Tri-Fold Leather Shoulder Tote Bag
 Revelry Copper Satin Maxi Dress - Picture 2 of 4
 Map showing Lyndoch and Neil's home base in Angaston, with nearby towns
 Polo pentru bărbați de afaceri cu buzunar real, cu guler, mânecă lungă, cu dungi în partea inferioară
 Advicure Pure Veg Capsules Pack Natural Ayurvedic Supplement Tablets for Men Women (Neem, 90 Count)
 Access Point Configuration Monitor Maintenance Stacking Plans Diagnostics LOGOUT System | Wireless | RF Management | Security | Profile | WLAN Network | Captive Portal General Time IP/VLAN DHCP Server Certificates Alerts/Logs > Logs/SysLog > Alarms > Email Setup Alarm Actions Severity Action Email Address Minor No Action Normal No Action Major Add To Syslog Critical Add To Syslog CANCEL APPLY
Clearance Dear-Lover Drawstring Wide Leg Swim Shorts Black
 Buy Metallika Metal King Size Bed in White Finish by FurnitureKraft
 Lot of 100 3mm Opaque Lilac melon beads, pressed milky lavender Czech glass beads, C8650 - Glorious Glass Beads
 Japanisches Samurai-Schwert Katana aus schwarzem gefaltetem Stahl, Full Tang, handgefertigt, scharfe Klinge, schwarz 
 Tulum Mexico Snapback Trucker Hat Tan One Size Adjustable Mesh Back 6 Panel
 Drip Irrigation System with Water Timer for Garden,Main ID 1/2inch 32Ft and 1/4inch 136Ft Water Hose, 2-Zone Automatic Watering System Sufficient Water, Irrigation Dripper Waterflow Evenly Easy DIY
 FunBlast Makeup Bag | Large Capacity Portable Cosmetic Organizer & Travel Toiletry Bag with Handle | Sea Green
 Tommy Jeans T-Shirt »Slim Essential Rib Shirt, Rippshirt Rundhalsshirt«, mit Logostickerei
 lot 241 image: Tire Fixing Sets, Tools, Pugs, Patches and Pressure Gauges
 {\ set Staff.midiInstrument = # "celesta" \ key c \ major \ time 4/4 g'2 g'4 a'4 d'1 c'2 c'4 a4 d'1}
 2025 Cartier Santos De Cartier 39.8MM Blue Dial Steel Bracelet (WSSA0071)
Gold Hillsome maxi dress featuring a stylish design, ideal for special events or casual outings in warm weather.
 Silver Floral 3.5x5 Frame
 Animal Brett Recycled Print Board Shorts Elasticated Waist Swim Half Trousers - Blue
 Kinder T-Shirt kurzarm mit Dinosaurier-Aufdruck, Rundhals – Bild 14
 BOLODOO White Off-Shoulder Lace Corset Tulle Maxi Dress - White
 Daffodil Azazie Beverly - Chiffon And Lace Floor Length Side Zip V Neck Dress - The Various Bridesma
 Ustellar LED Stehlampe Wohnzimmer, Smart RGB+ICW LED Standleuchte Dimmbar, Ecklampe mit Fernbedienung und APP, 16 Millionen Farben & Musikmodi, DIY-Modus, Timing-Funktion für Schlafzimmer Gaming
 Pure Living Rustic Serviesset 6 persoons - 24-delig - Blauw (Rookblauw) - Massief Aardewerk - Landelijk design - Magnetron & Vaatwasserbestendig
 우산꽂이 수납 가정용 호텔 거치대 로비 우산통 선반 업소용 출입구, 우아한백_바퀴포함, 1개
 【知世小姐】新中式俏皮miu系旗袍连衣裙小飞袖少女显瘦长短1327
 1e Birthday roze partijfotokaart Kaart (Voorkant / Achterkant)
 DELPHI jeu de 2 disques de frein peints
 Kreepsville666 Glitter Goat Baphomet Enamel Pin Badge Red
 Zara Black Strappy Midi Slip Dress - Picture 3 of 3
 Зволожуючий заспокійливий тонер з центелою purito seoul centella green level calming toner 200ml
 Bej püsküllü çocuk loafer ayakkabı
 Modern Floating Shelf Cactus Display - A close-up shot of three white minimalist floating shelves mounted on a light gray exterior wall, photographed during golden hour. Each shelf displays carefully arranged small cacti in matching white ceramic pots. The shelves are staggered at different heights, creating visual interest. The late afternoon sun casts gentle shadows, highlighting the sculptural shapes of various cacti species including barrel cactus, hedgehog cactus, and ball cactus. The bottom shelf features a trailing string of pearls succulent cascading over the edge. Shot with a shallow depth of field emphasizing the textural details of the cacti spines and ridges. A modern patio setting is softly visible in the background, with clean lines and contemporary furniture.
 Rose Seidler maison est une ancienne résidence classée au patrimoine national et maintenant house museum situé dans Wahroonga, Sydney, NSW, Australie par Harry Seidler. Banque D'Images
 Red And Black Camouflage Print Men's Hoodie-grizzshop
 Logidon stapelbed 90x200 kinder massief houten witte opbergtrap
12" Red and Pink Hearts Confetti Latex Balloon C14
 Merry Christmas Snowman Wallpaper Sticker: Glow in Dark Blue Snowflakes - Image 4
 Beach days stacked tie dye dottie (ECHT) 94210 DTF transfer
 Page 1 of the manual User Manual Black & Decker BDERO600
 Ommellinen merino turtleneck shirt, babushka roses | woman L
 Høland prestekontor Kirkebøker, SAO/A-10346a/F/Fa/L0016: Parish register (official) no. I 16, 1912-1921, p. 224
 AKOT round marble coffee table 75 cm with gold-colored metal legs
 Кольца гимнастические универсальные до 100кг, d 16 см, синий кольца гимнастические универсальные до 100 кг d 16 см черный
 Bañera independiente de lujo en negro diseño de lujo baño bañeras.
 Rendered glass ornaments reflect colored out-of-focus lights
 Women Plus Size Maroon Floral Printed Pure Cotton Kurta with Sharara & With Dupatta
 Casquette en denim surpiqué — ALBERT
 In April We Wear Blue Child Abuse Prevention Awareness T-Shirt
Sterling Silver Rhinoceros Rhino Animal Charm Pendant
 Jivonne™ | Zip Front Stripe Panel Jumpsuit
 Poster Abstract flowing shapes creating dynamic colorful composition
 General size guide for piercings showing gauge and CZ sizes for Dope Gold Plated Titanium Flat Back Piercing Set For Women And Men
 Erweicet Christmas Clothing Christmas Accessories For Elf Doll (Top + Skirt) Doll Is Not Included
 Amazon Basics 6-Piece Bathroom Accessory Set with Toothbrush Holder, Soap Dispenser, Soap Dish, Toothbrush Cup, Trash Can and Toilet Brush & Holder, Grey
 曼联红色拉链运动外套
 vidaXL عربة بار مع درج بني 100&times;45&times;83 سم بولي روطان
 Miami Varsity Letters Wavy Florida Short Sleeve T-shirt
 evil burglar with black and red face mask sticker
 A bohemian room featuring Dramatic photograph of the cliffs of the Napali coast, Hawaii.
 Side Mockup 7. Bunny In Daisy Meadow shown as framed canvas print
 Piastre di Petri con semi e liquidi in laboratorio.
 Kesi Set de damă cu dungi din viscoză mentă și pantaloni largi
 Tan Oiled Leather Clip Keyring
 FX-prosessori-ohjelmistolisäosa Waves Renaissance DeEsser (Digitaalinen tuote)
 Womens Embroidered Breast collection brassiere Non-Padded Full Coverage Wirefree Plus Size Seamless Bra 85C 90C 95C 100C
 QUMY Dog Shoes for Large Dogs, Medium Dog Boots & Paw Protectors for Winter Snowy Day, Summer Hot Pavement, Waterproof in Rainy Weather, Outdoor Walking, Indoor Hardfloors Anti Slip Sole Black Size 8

....

◆ **TASK BRIEF**:
The response should hold exactly the lines starting at the line with "Sterling Silver Rhinoceros" and ending at the line with "Erweicet Christmas Clothing", and no other line of the material above.

◆ **SOLUTION**:
Sterling Silver Rhinoceros Rhino Animal Charm Pendant
 Jivonne™ | Zip Front Stripe Panel Jumpsuit
 Poster Abstract flowing shapes creating dynamic colorful composition
 General size guide for piercings showing gauge and CZ sizes for Dope Gold Plated Titanium Flat Back Piercing Set For Women And Men
 Erweicet Christmas Clothing Christmas Accessories For Elf Doll (Top + Skirt) Doll Is Not Included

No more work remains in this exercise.